Operating Systems 2021F Lecture 13

From Soma-notes

Video

Video from the lecture given on November 2, 2021 is now available:

Video is also available through Brightspace (Resources->Class zoom meetings->Cloud Recordings tab)

Notes

Lecture 13
----------
* Grading
  - A2 and the midterm are basically graded
  - will combine and post by Thursday
  - Thursday we'll also go over midterm solutions
  - if your Tutorials 1-4 haven't been graded, please talk to your TA,
    it is probably an oversight
  - if you do better on the final, the final grade will replace
    the midterm (as the final is cumulative)
* Interviews
  - will post schedule by Thursday
  - I will ask some of you to sign up, otherwise you may volunteer
  - if you want me to check questions that you think have been misgraded,
    please sign up for an interview (unless it is pretty brief)
  - I will also be doing interviews for the final
  - you can't lose marks, but I could report you to the Dean
* Tutorial 5

By the way I'm very behind on messages & email, but will be catching up, will update on Thursday

Generally the hardest thing in this tutorial is getting passwordless login to work for SSH
 - either you have a conceptual issue or you missed something small
 - working => you got both right
 - if you have to type in a passphrase to unlock your key, it is still "passwordless"
    - the remote machine never sees the password
    - you can get rid of the passphrase if you wish

To restart the system, you can either do "sudo reboot" or
  "sudo shutdown -r now"
  - but you shouldn't do that for chsh
  - just log out and log back in, or log in separately
  - if I'm running a backup that I want to finish before shutting down, I'll
    do "sudo shutdown -h +15", so the system will "halt" in 15 minutes.

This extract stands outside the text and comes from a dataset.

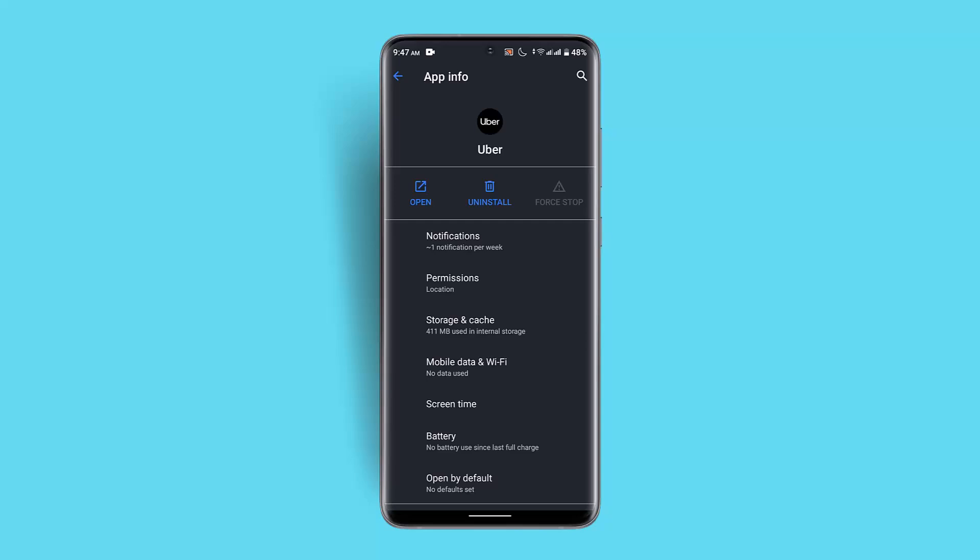If not, you could try uninstalling and reinstalling the application. At the same time, restart your device — that will be the ultimate solution to fix your 'too many requests, try again later' issue.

The only time when you must reboot is when the kernel gets upgraded
 - other reboots for updates can be bypassed, but sometimes it is a pain
   to restart all the services that need to be restarted
 - I should note there are ways to patch the kernel without rebooting
   but it only works for some updates
 - if you can't login with the new user, try "sudo service sshd restart"
    - that will restart sshd
    - check syntax?

When you do setuid before setgid, the setgid should fail because you no longer have higher privileges
 - if it doesn't fail, you haven't dropped privileges yet

Windows has to reboot all the time because processes by default lock files that are in use
 - and services are using files all the time

UNIX systems do not lock files that are in use.
  - we'll discuss this more very shortly

process uid's
 - there's actually a uid and an euid
 - uid: who "owns" the process
   - they can kill it
 - euid: what privileges the process has
 - normally uid=euid
    - then euid isn't shown
 - but when a binary is setuid, its euid is set to the uid of the file
    - the uid of the process remains unchanged

Setuid binaries are used to give controlled access to privileged resources
 - i.e., passwd & chsh allow changes to /etc/passwd, /etc/shadow
   that are owned by root
 - execve checks for the setuid bit on the binary being loaded,
   if it is set it changes the euid of the process to the uid of the file
   (otherwise it leaves it unchanged)
 - if there is a vulnerability in a setuid root binary, then an attacker
   can get full root access through it
     - that's why setuid binaries are shown in red, they are dangerous
     
Same thing for gid and egid
 - when you use groups to manage access

It is time to talk more about files & filesystems

In UNIX like systems, there are the following kinds of files
 - regular files
 - directories (d)
 - symbolic links (s)
 - character devices (c)
    - unbuffered character devices (u), not often used
 - block devices (b)
 - pipes (p)  <--- mkpipe

If it isn't a file, directory, or symbolic link, it is a "special file"
 - we'll cover special files later
 - can make them with mknod

Note that these aren't really file "types"
 - regular files just have extensions, e.g., .txt, but they are optional
 - applications can use them or ignore them, the OS doesn't care

What is a filename?
 - it is a key in a hierarchical key/value store
   - the file is the key associated with a value
 - but it is *not* just for storing data
 - counter example: /proc
   - if you do cat /proc/cpuinfo, you aren't getting data from disk,
     you're asking the kernel what CPUs it has
 - "linear array of bytes", yes...but those bytes don't have to
   come from fixed storage, they can be generated on the fly

In UNIX-like systems, files are kind of universal
 - used for all kinds of things other than storing data
 - uniform API (open, read, write, etc.) that can be applied to
   almost anything

Cool thing about a universal API is it allows for programs to be connected and
to work together without a-priori agreeing on a way to interact
 - they are just interacting with "files"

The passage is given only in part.